--- Exercise objective ---
With the pictures removed, set down all of the entries below exactly.
------------------------------------
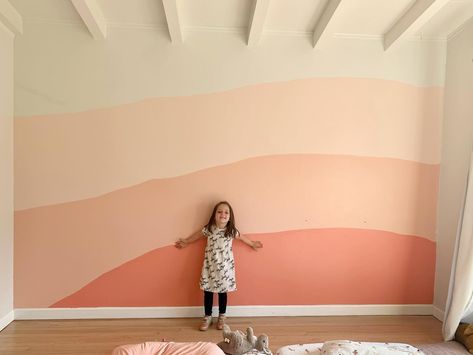 Toddler Accent Wall Girl, Toddler Girl Room Accent Wall, Girl Accent Wall Bedroom, Girl Room Color Palette, Girl Room Accent Wall, Paint Girls Room, Girls Accent Wall, Girls Room Accent Wall, Accent Wall Girls Bedroom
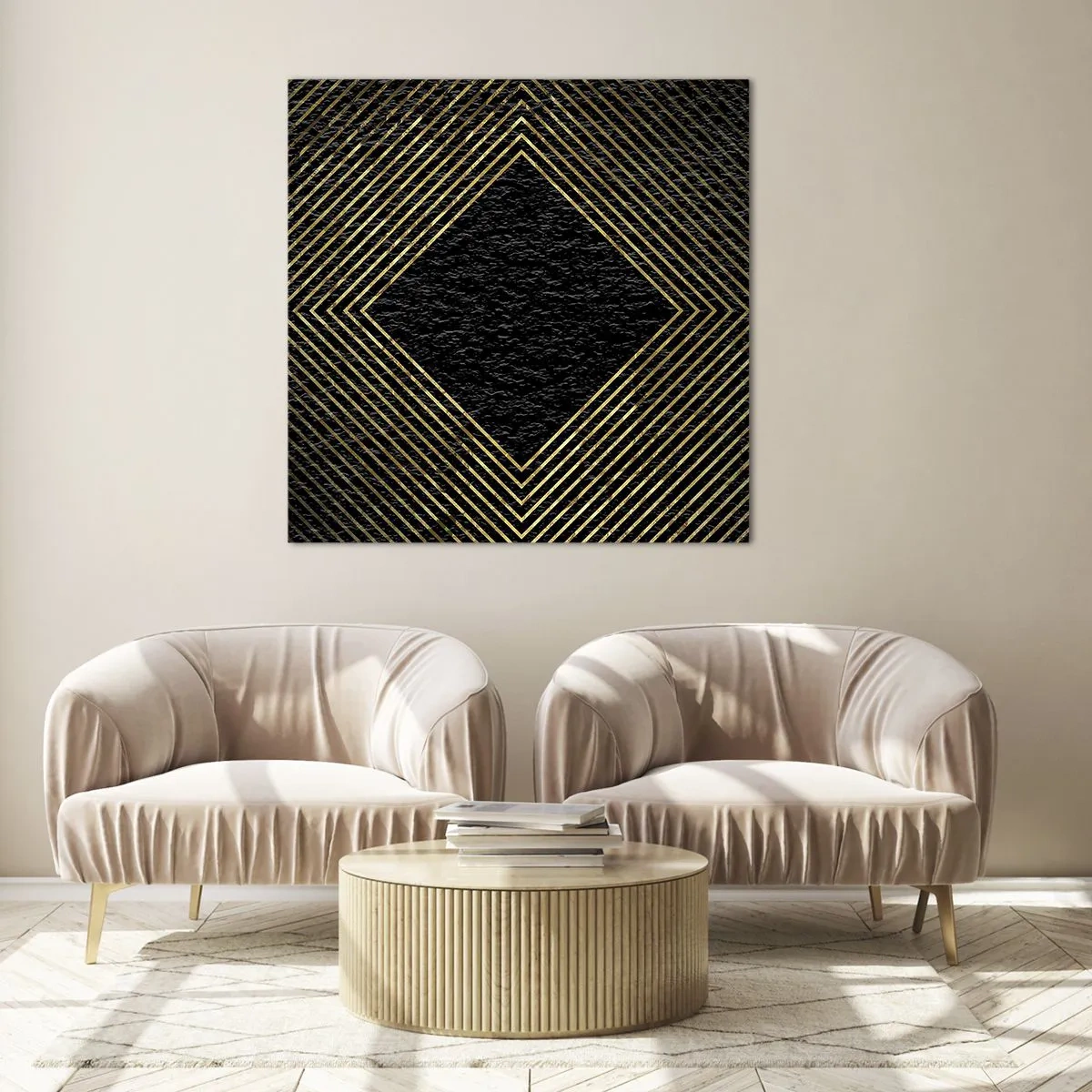 Obraz na skle - Geometrie ve stylu glamour - 30x30 cm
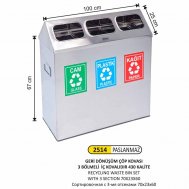 2514 PASLANMAZ 430 KALİTE GERİ DÖNÜŞÜM ÇÖP KOVASI (ÇATI KAPAKLI, 3 BÖLMELİ, İÇ KOVALI)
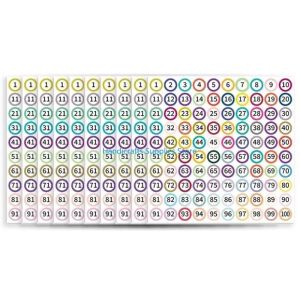 Kirilgu 10 Sheets Numbered Label Sticker Easy Peeling Multicolor 1-100 Numbers Labels 4P6B8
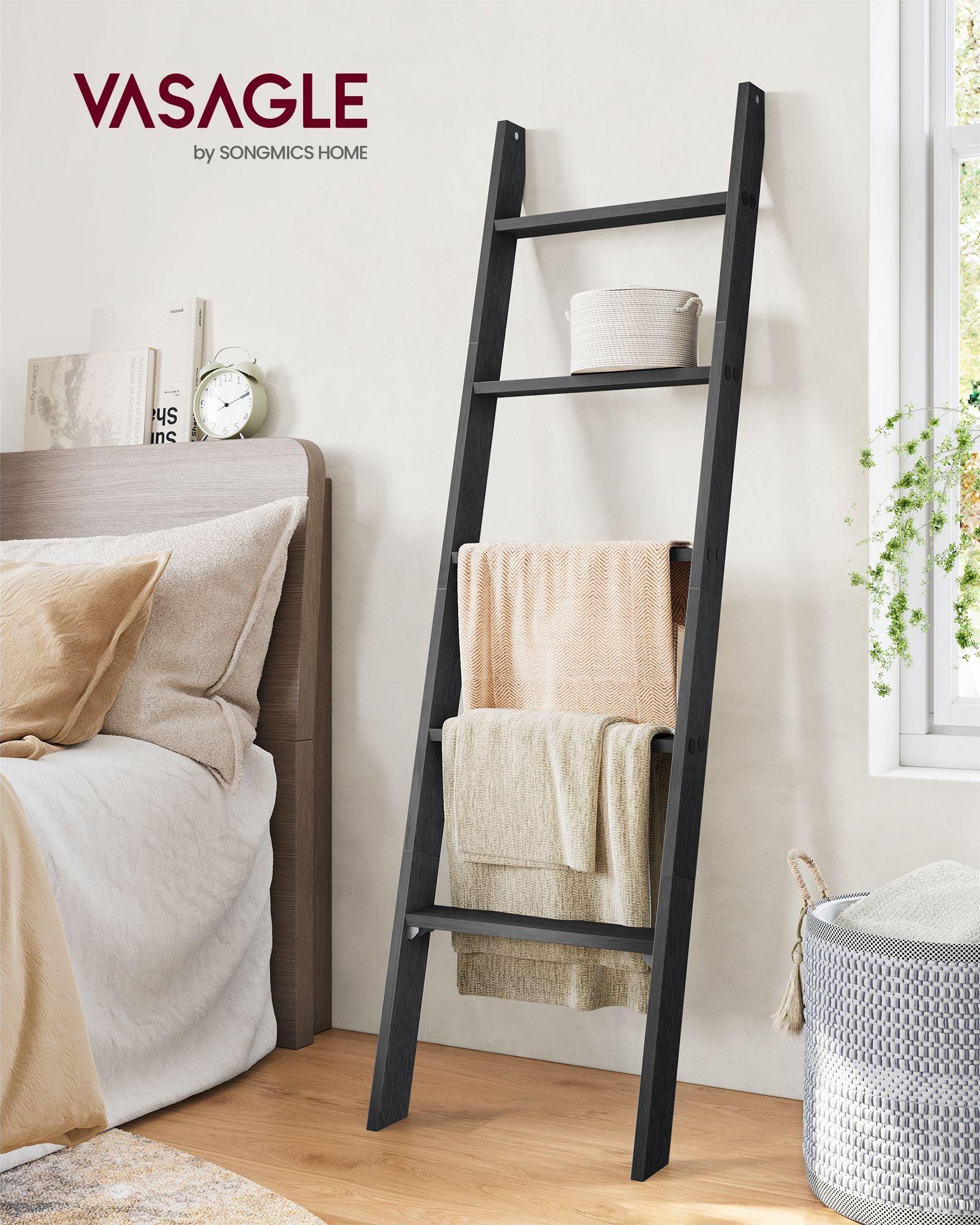 5-Tier Blanket Ladder Shelf Ebony Black FredCo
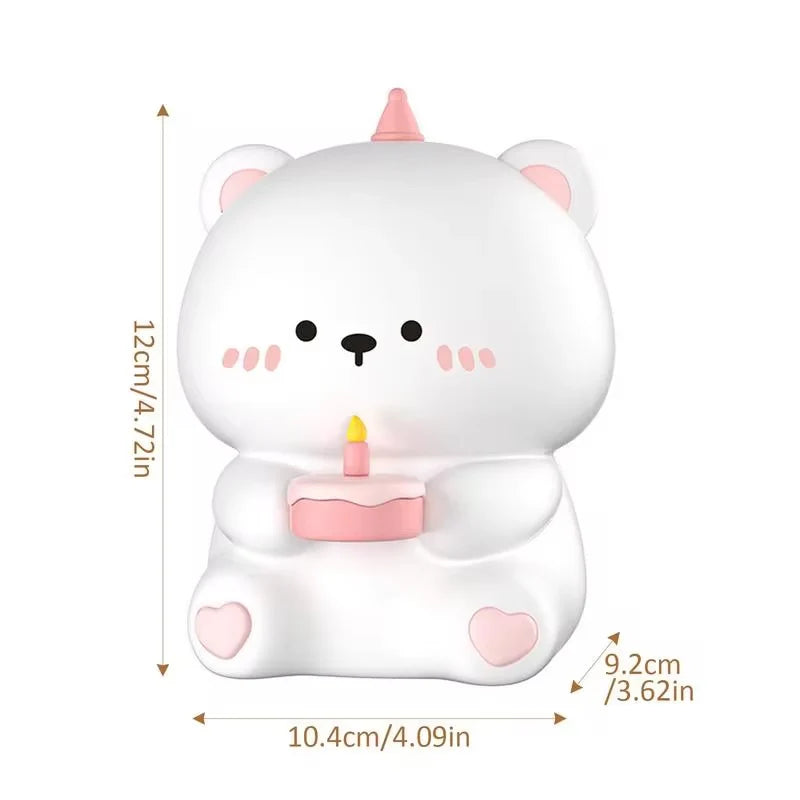 Lámpara Osito Birthday LED Kawaii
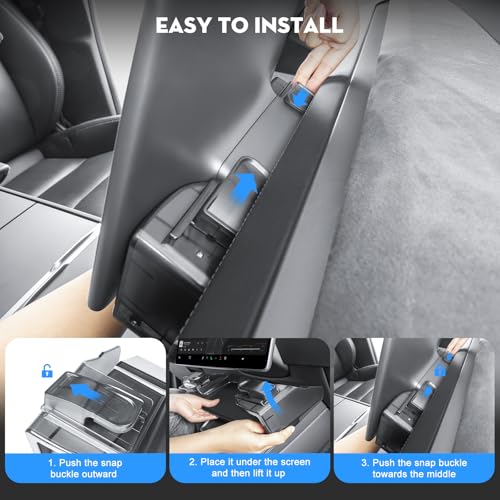 Under Screen Storage Organizer for 2026 New Model Y Juniper,[Retractable & Tool-Free] Under Screen Storage Box with Behind Screen Tissue Holder Compatible with Tesla 2025-2026 Model Y Juniper - size: 2025-2026 Model Y Juniper & 2024-2025 Model 3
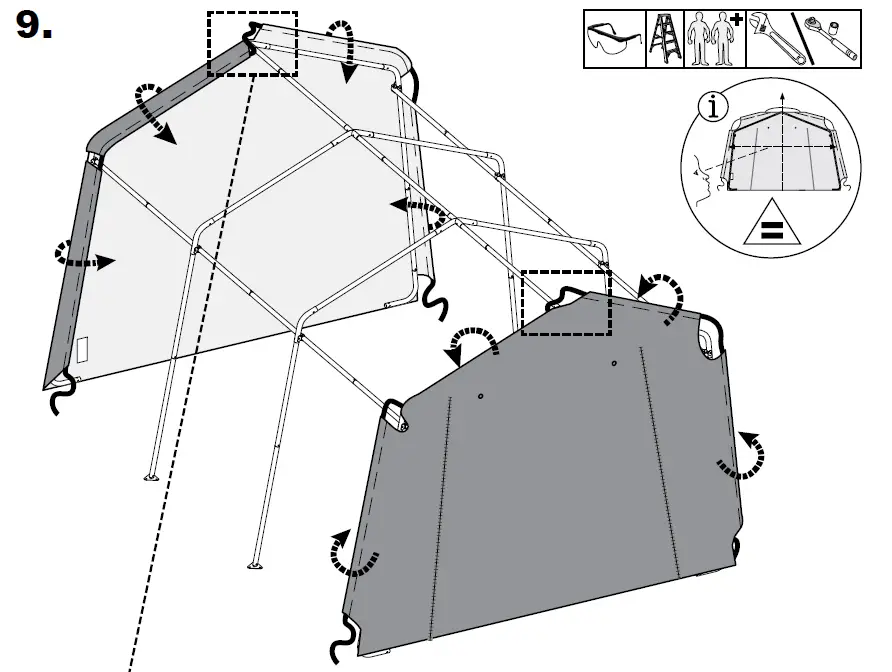 Scotts-70496-Storage-Shed-10-x-15-x 8’-Green-PeaK-18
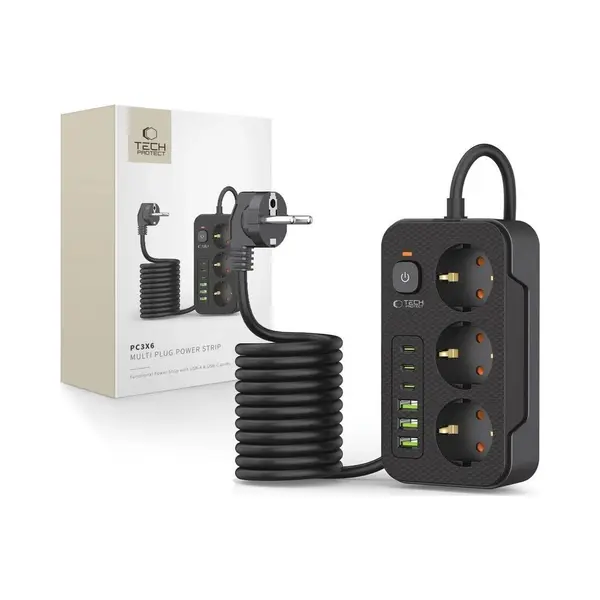 Tech-Protect, Stekkerdoos, PC3X6 Power Strip (6x, Usb-A, Usb-C, 2 m) thumbnail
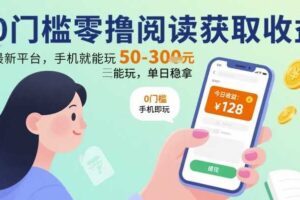0门槛零撸阅读获取收益：最新平台，手机就能玩，单日稳拿 50-3张 【揭秘】-麦资源网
------------------------------------
--- Expected answer ---
 Toddler Accent Wall Girl, Toddler Girl Room Accent Wall, Girl Accent Wall Bedroom, Girl Room Color Palette, Girl Room Accent Wall, Paint Girls Room, Girls Accent Wall, Girls Room Accent Wall, Accent Wall Girls Bedroom
 Obraz na skle - Geometrie ve stylu glamour - 30x30 cm
 2514 PASLANMAZ 430 KALİTE GERİ DÖNÜŞÜM ÇÖP KOVASI (ÇATI KAPAKLI, 3 BÖLMELİ, İÇ KOVALI)
 Kirilgu 10 Sheets Numbered Label Sticker Easy Peeling Multicolor 1-100 Numbers Labels 4P6B8
 5-Tier Blanket Ladder Shelf Ebony Black FredCo
 Lámpara Osito Birthday LED Kawaii
 Under Screen Storage Organizer for 2026 New Model Y Juniper,[Retractable & Tool-Free] Under Screen Storage Box with Behind Screen Tissue Holder Compatible with Tesla 2025-2026 Model Y Juniper - size: 2025-2026 Model Y Juniper & 2024-2025 Model 3
 Scotts-70496-Storage-Shed-10-x-15-x 8’-Green-PeaK-18
 Tech-Protect, Stekkerdoos, PC3X6 Power Strip (6x, Usb-A, Usb-C, 2 m) thumbnail
0门槛零撸阅读获取收益：最新平台，手机就能玩，单日稳拿 50-3张 【揭秘】-麦资源网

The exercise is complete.